■ **WHAT IS REQUIRED**
In the records below, find the line containing "Hannoveraan Mix, Hengst, 2", then print it and every following line exactly, through the last, without pictures.

"""

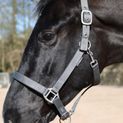 Whitaker Hc172 Pockley Padded Headcollar Grey additional 3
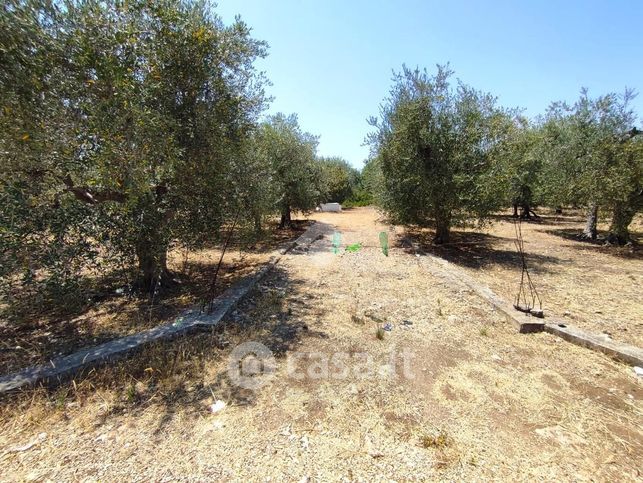 Terreno agricolo in commerciale in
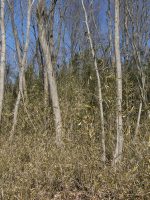 市貝町駒塚古墳群1号墳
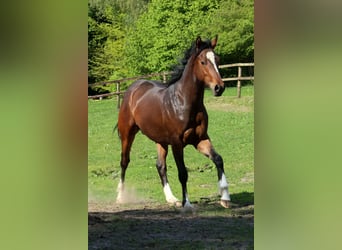Hannoveraan Mix, Hengst, 2 Jaar, 158 cm, Donkerbruin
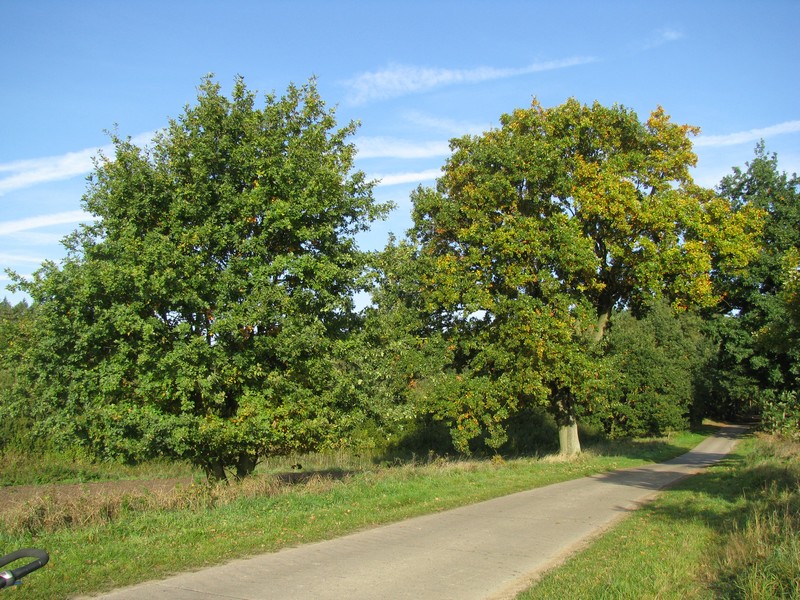 Landschaft bei Wotenitz [NWM] am Weg von Wotenitz nach Questin, 10.10.2008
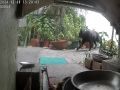 2024.12.09大黑加菜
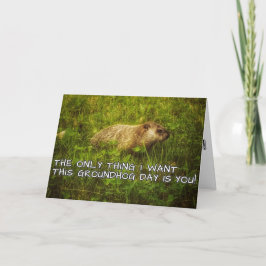 Lo único que quiero es esta tarjeta de Groundhog D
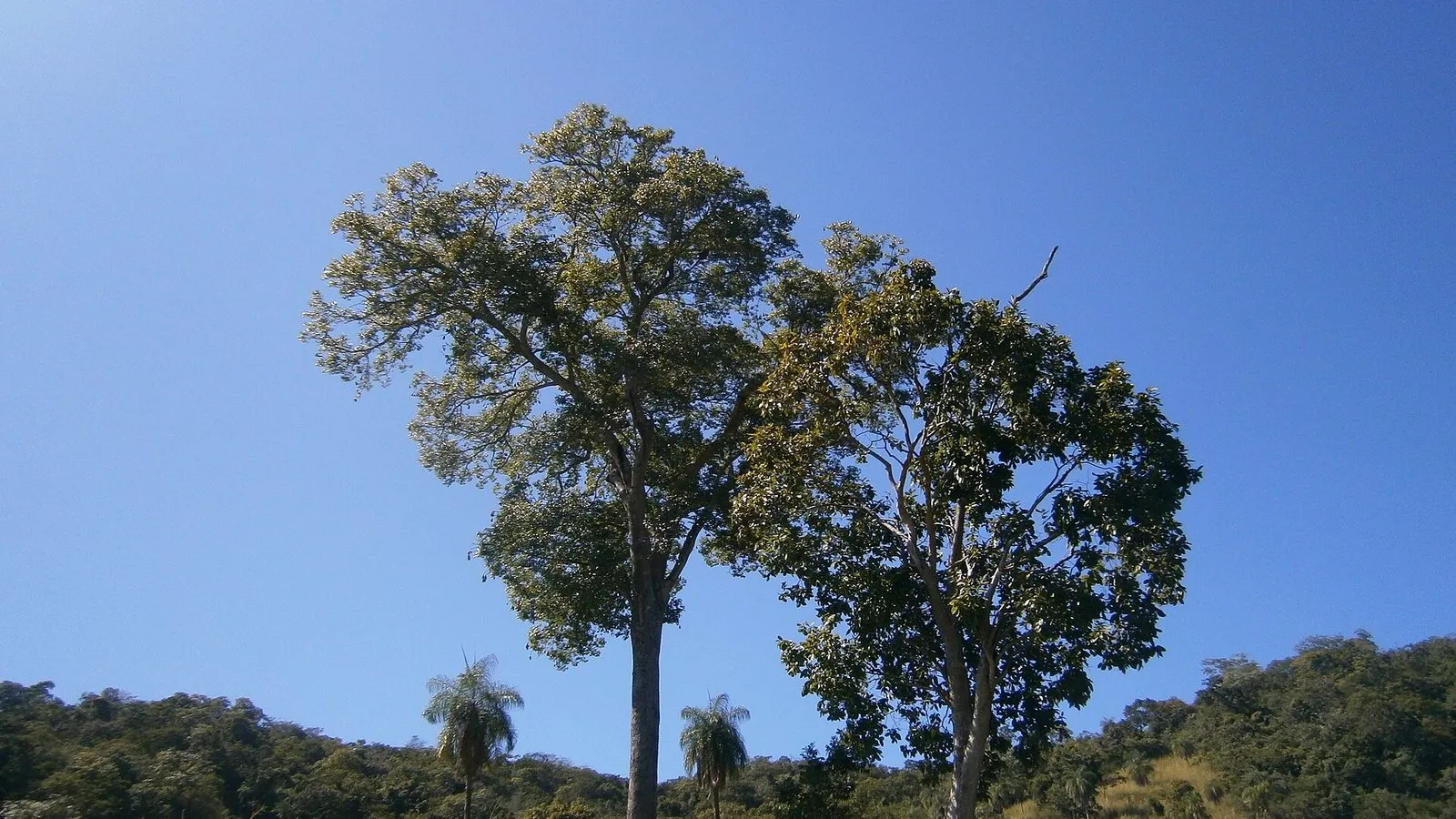 Duas árvores grandes sob céu azul, com palmeiras e morros cobertos de mata ao fundo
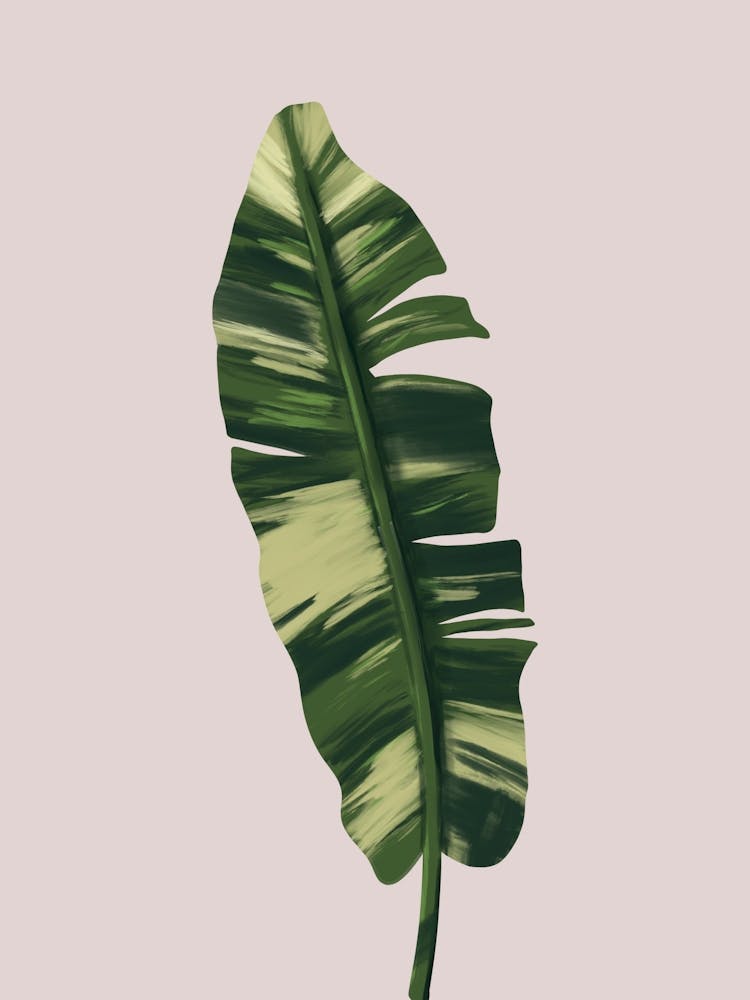 Tropical Banana Leaf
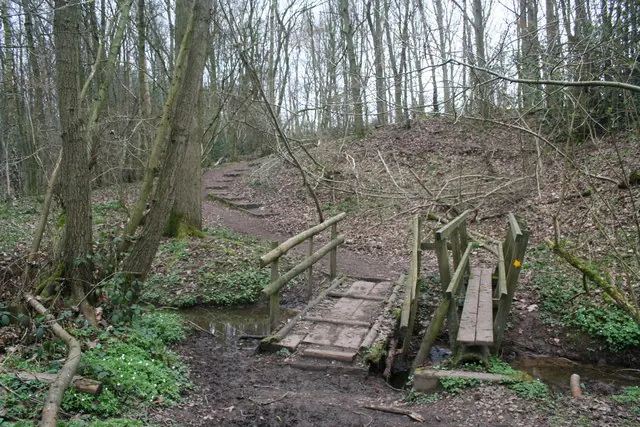 The woodland crossing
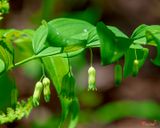 Solomons Seal or Smooth Solomons-seal (Polygonatum biflorum) (DFL0871)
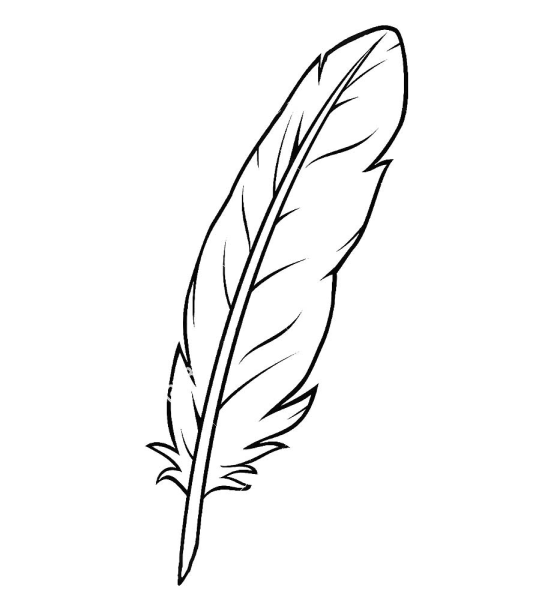 Перо раскраска для детей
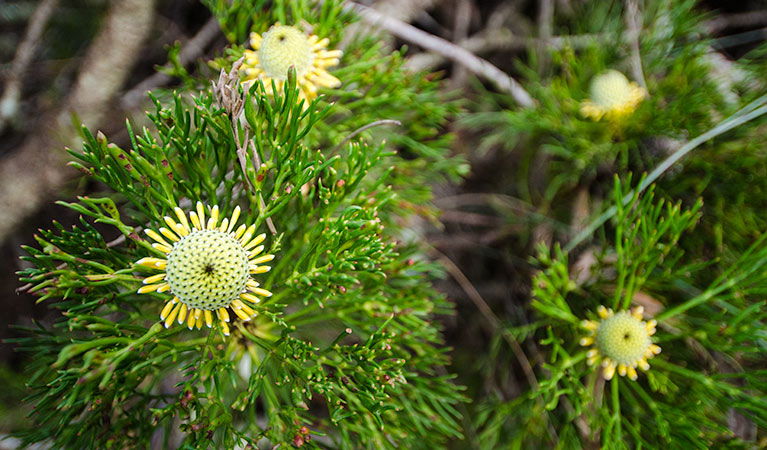 Mount Keira NSW Your Accommodation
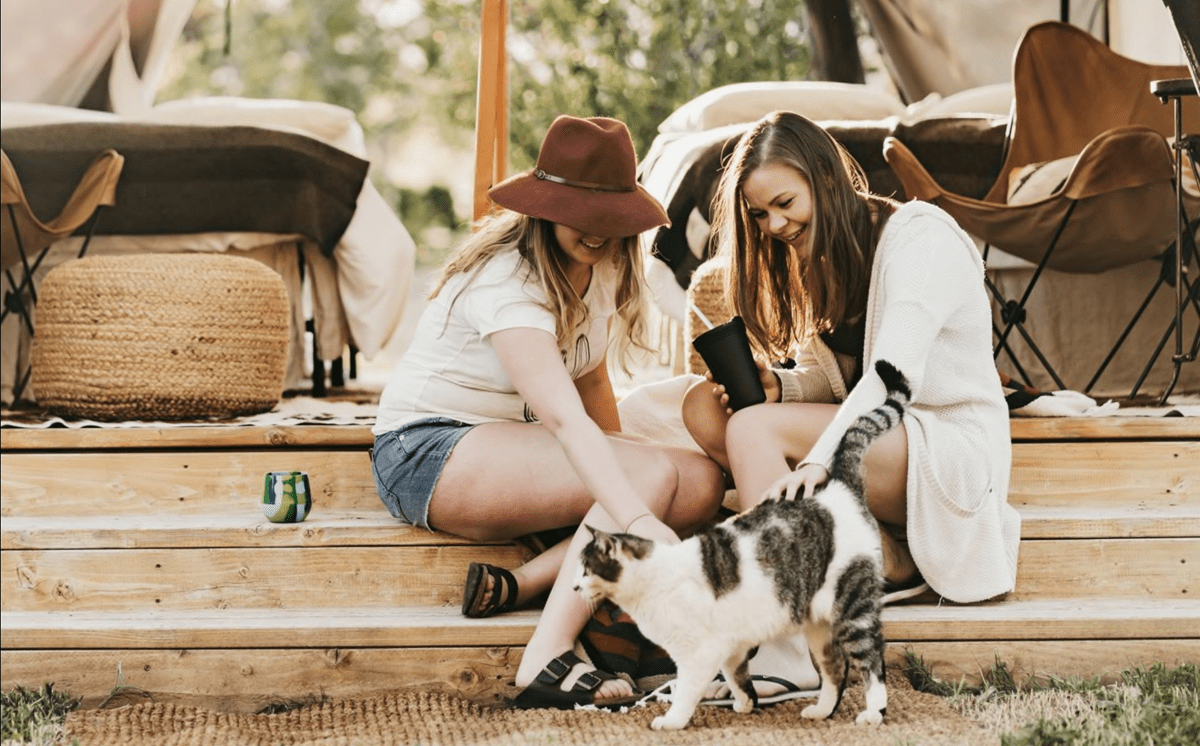 Ontario pet-friendly camping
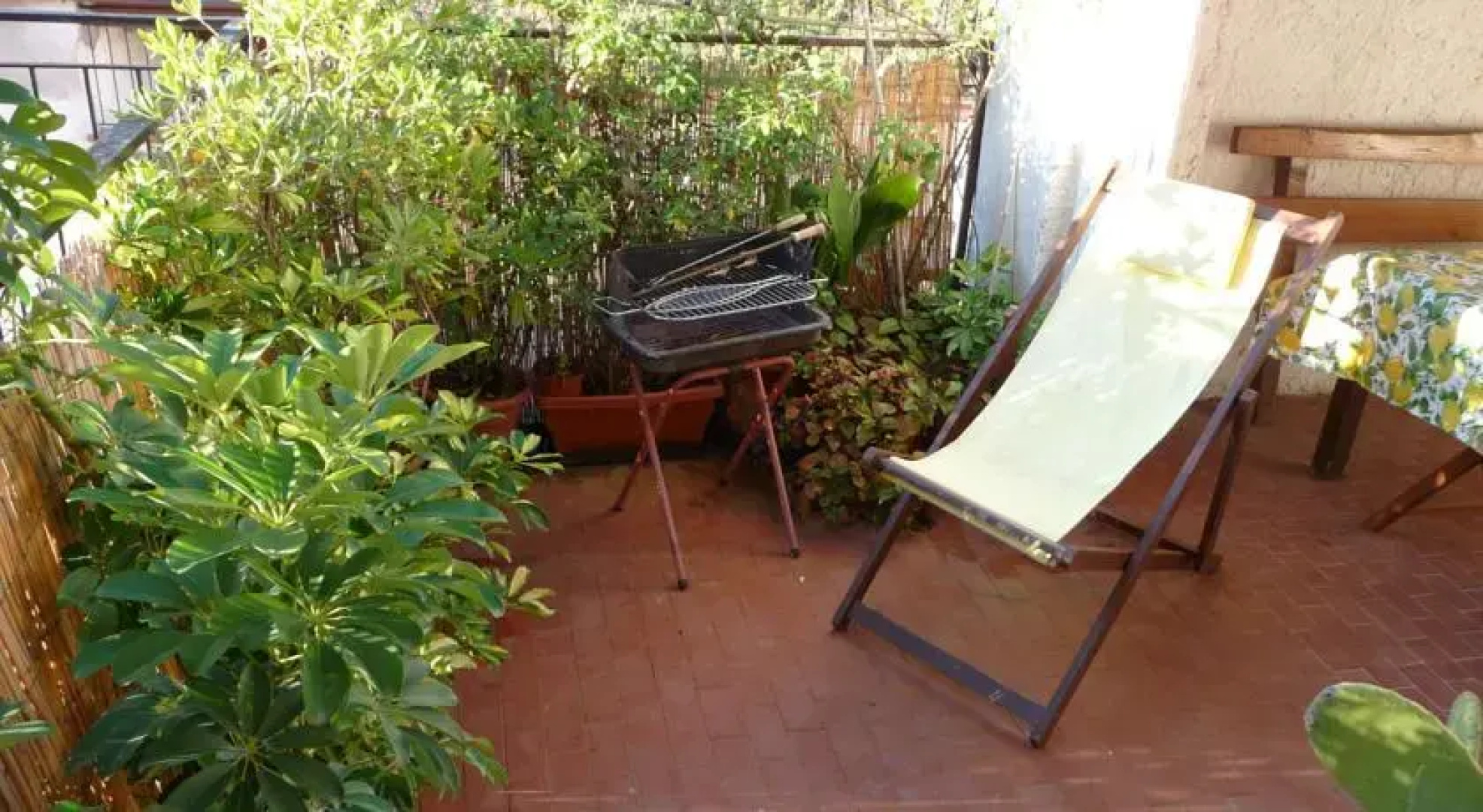 Casa tra gli ulivi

"""

■ **THE COMPLETED TASK**
Hannoveraan Mix, Hengst, 2 Jaar, 158 cm, Donkerbruin
 Landschaft bei Wotenitz [NWM] am Weg von Wotenitz nach Questin, 10.10.2008
 2024.12.09大黑加菜
 Lo único que quiero es esta tarjeta de Groundhog D
 Duas árvores grandes sob céu azul, com palmeiras e morros cobertos de mata ao fundo
 Tropical Banana Leaf
 The woodland crossing
 Solomons Seal or Smooth Solomons-seal (Polygonatum biflorum) (DFL0871)
 Перо раскраска для детей
 Mount Keira NSW Your Accommodation
 Ontario pet-friendly camping
 Casa tra gli ulivi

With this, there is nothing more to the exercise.